TASK TO CARRY OUT >> Your task is to transcribe all of the data below exactly, omitting the images.

MATERIAL FOR THIS TASK >>
☆ ☆ ☆ ☆

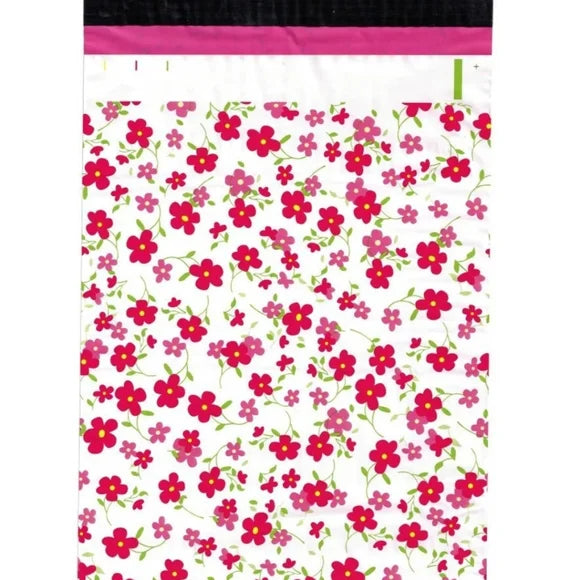 Sobres de polietileno con flores rosas y rojas 6x9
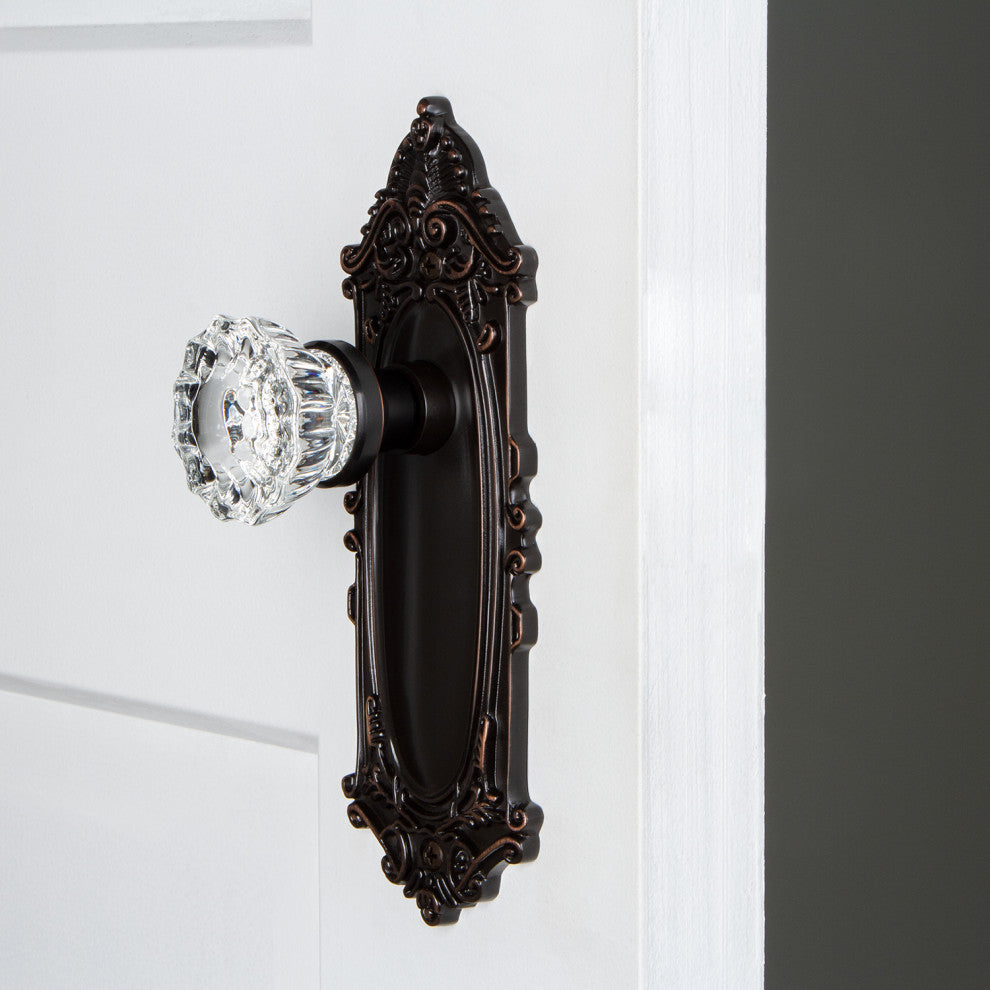 Single Victorian Plate With Crystal Knob, Unlacquered Brass, Timeless Bronze, Si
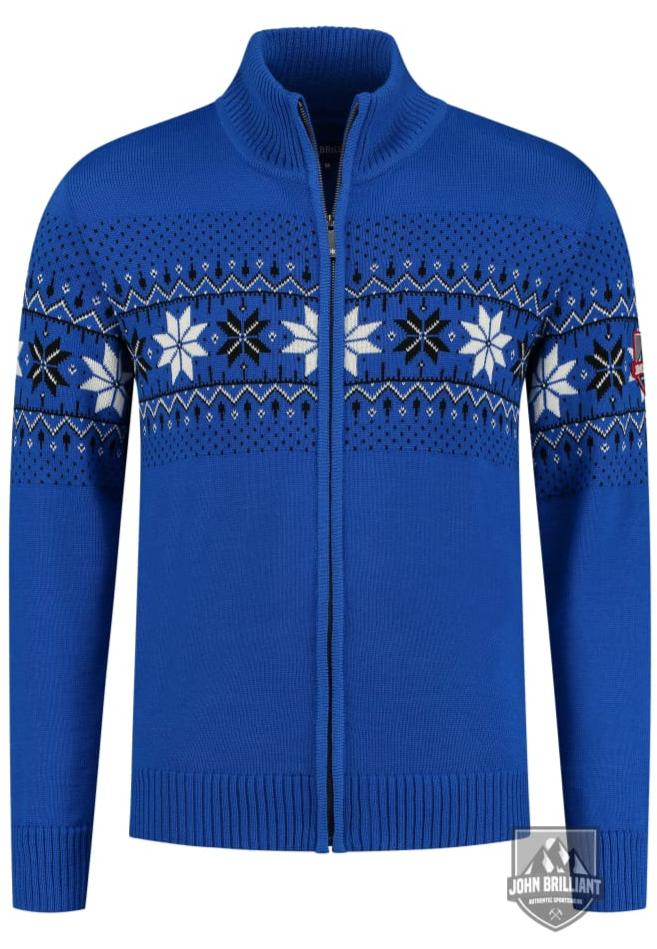 Shop online Premium Quality Norwegian Mens Cardigan Merino, Cobalt - John Brilliant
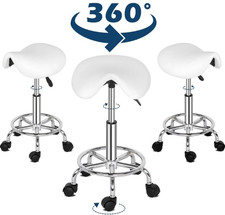 New Adjustable Hydraulic Spa Salon Swivel Bar Stool Saddle Chair Rolling White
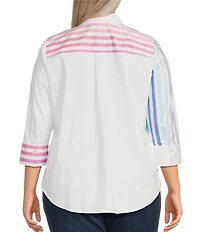 Foxcroft Plus Size Charlie Ombre Stripe Print Point Collar 3/4 Sleeve Button-Front Shirt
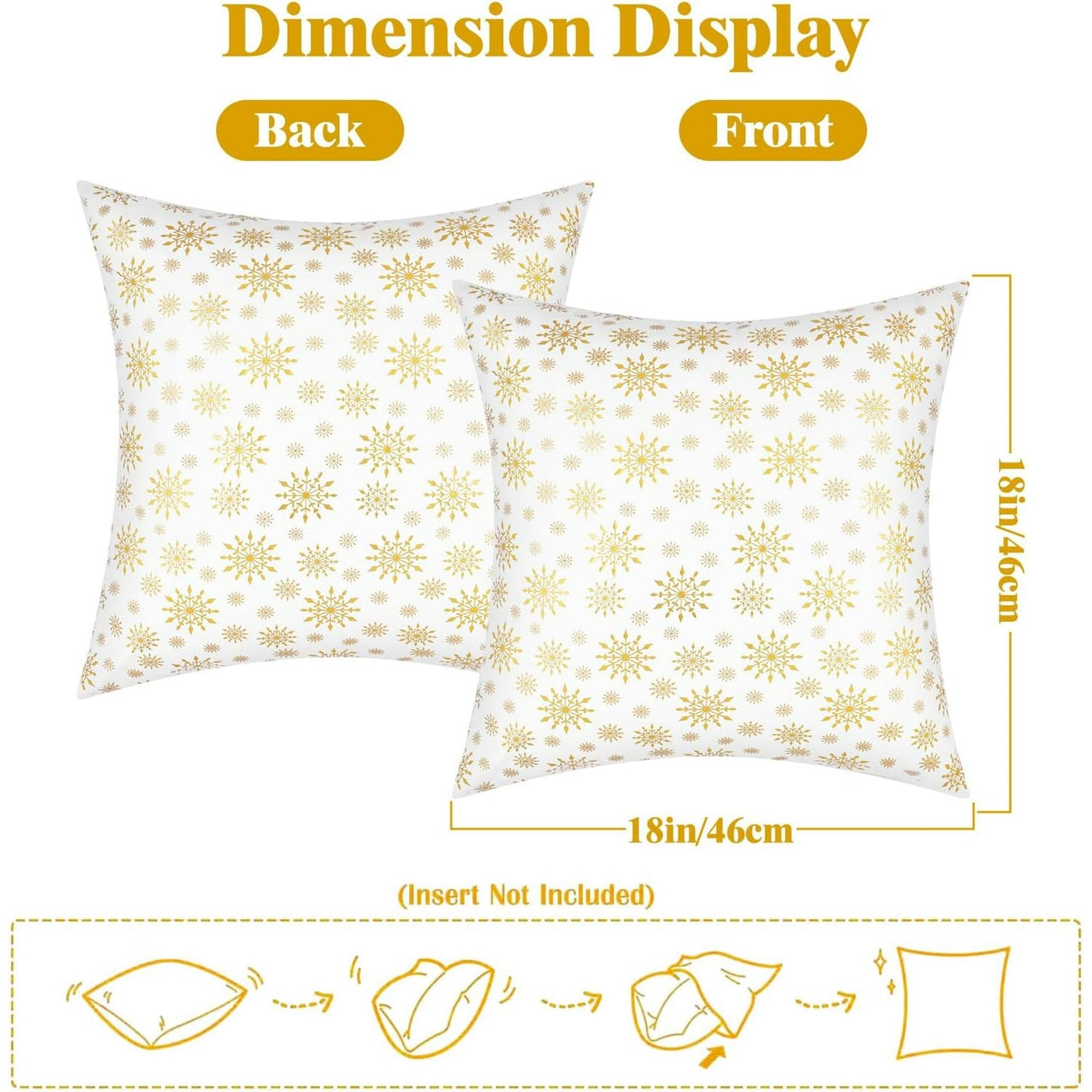 BLEUM CADE 18 x 18 inch Christmas Pillow Covers Set of 2,Gold Glitter Printed Snowflake Xmas Pillows for Sofa Couch,Soft Velvet Christmas Decor Pillowcases
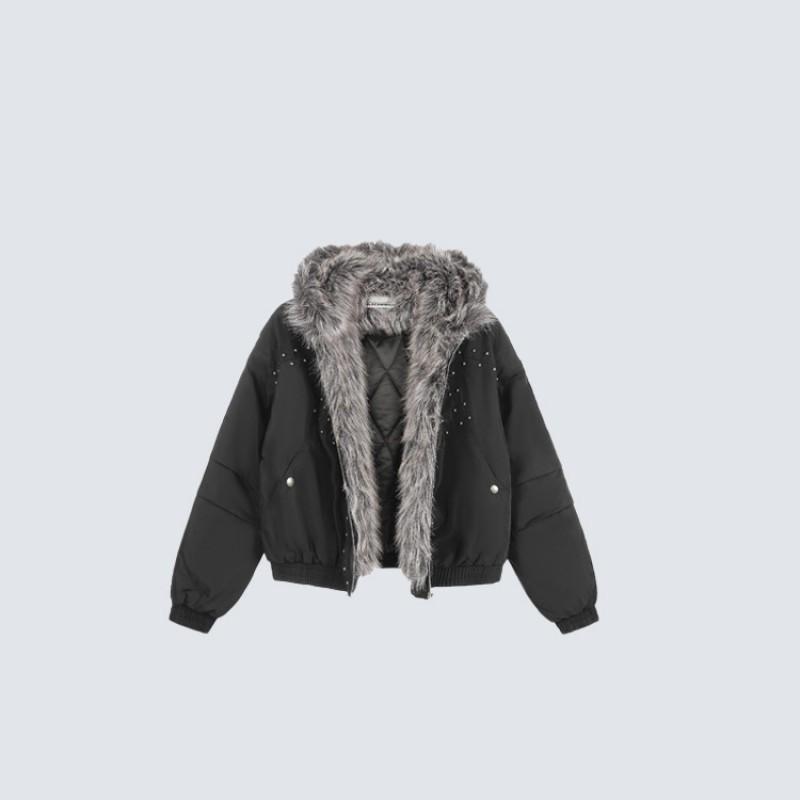American Punk Studded Faux Fur Hooded Puffer Jacket Unisex Thick Winter Coat Casual Warm Outerwear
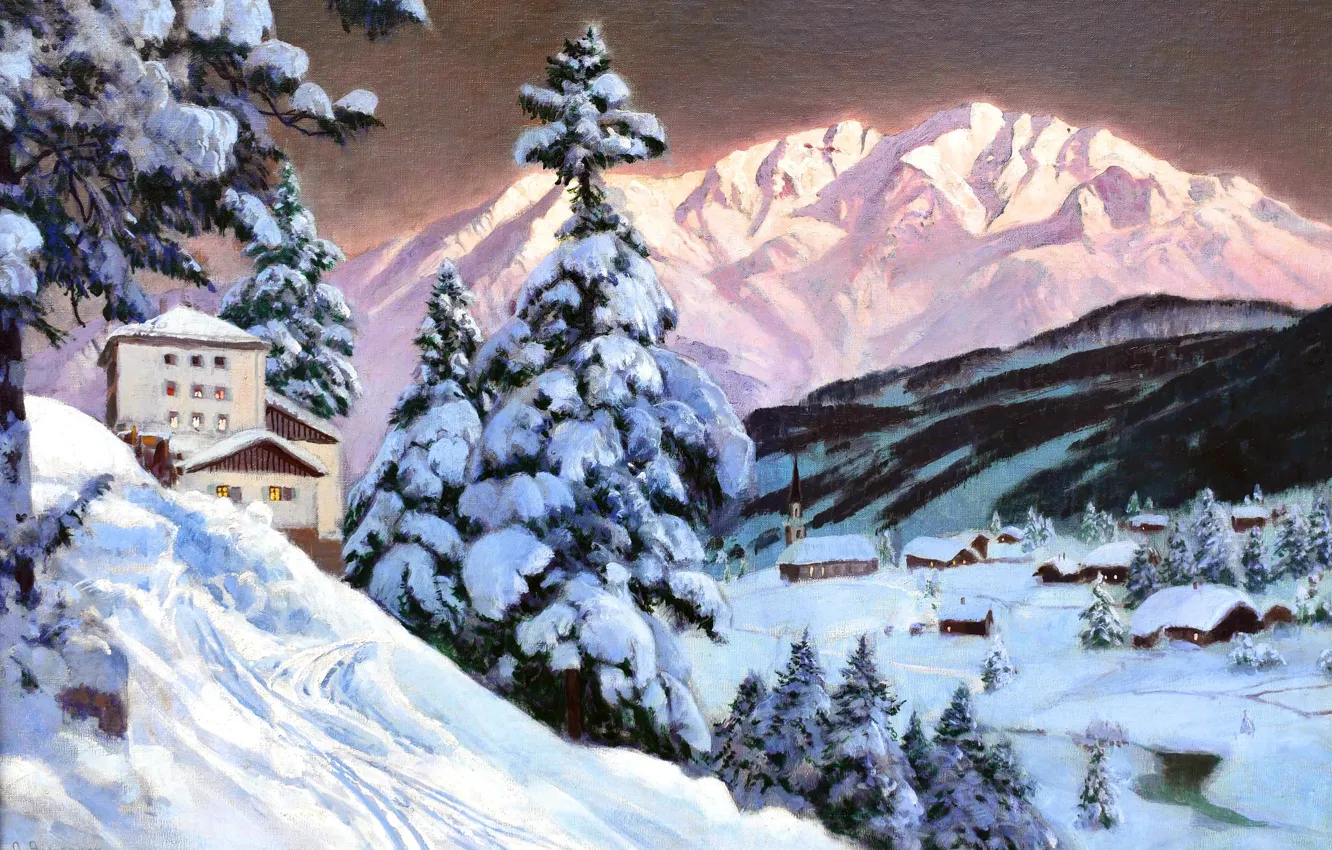 Фото обои Дома, Горы, Ночь, Снег, Картина, Alois Arnegger, Ели, Алоис Арнеггер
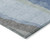8' Blue Gray And Ivory Round Abstract Washable Indoor Outdoor Area Rug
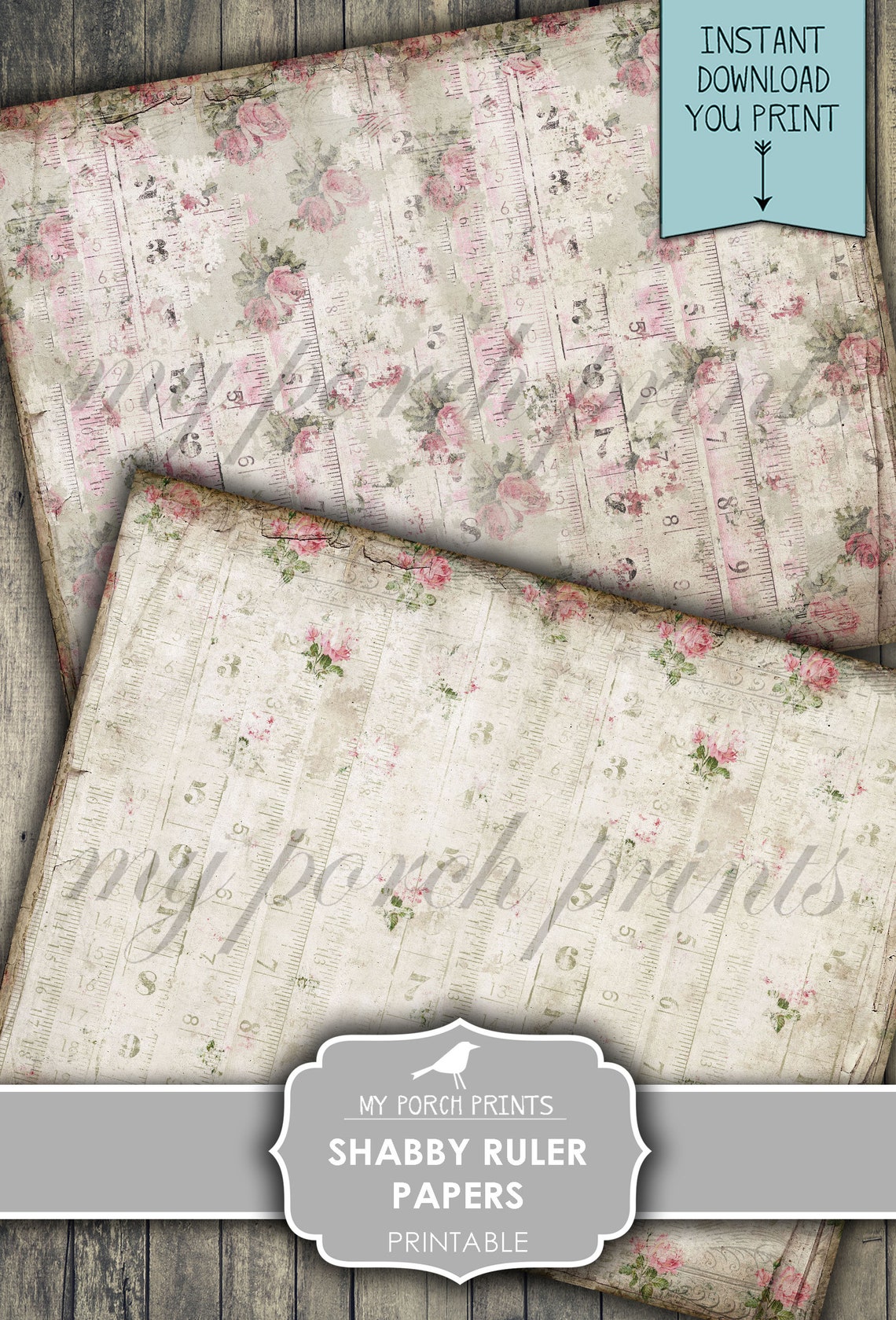 junk journal shabby pink ruler paper printable etsy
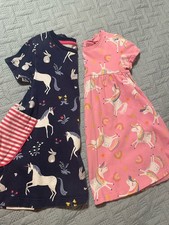 Lot Of Two Cotton unicorn Dresses: Mini Boden Girls S4/5 And Next S2-3 EUC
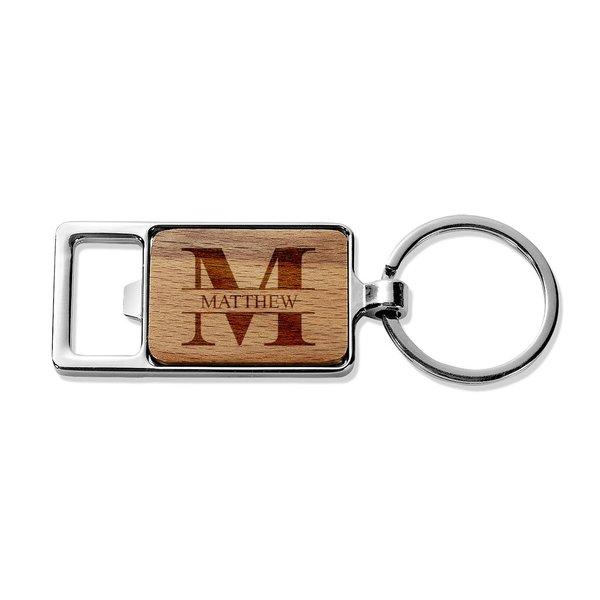 Monogram Rectangle Metal Keyring For Discount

☆ ☆ ☆ ☆

TASK SOLUTION >>
 Sobres de polietileno con flores rosas y rojas 6x9
 Single Victorian Plate With Crystal Knob, Unlacquered Brass, Timeless Bronze, Si
 Shop online Premium Quality Norwegian Mens Cardigan Merino, Cobalt - John Brilliant
 New Adjustable Hydraulic Spa Salon Swivel Bar Stool Saddle Chair Rolling White
 Foxcroft Plus Size Charlie Ombre Stripe Print Point Collar 3/4 Sleeve Button-Front Shirt
 BLEUM CADE 18 x 18 inch Christmas Pillow Covers Set of 2,Gold Glitter Printed Snowflake Xmas Pillows for Sofa Couch,Soft Velvet Christmas Decor Pillowcases
American Punk Studded Faux Fur Hooded Puffer Jacket Unisex Thick Winter Coat Casual Warm Outerwear
 Фото обои Дома, Горы, Ночь, Снег, Картина, Alois Arnegger, Ели, Алоис Арнеггер
8' Blue Gray And Ivory Round Abstract Washable Indoor Outdoor Area Rug
 junk journal shabby pink ruler paper printable etsy
 Lot Of Two Cotton unicorn Dresses: Mini Boden Girls S4/5 And Next S2-3 EUC
 Monogram Rectangle Metal Keyring For Discount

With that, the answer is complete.